[Intel-gfx] [PATCH] [RFC] drm/i915: read-read semaphore optimization

Tue Dec 13 17:59:14 CET 2011

On Tue, 13 Dec 2011 17:01:33 +0100, Daniel Vetter <daniel at ffwll.ch> wrote:
> Afaik the only use-case for parallel reads is video decode with
> post-processing on the render ring. The decode ring needs read-only access
> to reference frames to decode the next frame and the render ring read-only
> access to past frames for post-processing (e.g. deinterlacing).
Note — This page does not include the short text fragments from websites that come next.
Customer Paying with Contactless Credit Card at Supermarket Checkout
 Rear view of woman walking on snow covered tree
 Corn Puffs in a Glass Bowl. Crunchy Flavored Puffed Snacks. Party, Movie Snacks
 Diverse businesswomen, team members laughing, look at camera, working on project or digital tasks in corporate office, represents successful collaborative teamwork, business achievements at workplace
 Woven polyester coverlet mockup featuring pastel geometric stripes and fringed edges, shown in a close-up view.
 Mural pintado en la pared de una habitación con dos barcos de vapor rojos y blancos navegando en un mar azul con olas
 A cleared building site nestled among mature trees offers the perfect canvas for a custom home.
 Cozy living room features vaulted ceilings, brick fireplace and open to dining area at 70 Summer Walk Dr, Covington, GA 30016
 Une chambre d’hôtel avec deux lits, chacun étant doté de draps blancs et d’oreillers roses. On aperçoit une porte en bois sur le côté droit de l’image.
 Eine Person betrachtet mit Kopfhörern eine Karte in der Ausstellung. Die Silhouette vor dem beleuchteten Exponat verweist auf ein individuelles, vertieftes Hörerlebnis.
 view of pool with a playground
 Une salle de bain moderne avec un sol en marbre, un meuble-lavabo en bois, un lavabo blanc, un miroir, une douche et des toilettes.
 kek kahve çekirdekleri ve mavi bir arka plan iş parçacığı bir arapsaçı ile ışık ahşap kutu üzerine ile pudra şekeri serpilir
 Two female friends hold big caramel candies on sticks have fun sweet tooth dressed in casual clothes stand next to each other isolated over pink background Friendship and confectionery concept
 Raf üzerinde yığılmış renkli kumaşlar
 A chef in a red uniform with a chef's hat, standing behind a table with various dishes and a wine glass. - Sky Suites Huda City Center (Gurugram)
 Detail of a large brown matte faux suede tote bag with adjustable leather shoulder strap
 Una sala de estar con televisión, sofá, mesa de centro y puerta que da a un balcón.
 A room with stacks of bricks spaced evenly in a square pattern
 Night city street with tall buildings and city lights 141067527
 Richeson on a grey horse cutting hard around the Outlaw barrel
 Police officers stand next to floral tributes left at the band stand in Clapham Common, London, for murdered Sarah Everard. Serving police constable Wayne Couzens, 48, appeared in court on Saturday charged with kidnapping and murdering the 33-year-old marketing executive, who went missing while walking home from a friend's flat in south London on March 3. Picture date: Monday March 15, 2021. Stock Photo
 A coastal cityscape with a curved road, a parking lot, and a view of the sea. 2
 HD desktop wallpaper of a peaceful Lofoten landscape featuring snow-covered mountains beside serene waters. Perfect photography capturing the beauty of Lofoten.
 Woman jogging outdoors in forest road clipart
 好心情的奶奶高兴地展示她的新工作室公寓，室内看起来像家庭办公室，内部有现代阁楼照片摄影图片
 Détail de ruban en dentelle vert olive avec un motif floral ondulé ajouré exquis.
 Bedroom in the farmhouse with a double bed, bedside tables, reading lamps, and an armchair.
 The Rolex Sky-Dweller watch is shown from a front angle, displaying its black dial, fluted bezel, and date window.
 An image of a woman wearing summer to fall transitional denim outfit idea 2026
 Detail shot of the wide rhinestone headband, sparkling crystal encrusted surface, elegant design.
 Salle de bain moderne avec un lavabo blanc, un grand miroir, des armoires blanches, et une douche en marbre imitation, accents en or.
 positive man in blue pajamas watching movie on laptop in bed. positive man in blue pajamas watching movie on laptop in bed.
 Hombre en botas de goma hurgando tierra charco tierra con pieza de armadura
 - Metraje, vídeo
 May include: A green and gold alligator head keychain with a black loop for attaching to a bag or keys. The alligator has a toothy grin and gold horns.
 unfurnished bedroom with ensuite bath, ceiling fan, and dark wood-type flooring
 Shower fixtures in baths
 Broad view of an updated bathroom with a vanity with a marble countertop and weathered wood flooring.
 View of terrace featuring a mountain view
But given
> the general state of perf optimizations in libva I think we have lower
> hanging fruit to chase if we actually miss a performance target for this
> use-case.

One in the near future will be: render to backbuffer (RCS),
pageflip to scanout (BCS), read from front (RCS).

And in its current form UXA will do the back-to-front blit on the BCS.
But that is async and so not a large race window, whereas the pageflip
may takes ~16ms to process. I don't think it is entirely unfeasible that
we see some form of this whilst running compositors or games. Or at
least would if we enabled semaphores for pageflips. Except in the
pageflip scenario we know we are protected by the fb ref, so consider
the hypothetical scenario where we have a working vsync'ed blit...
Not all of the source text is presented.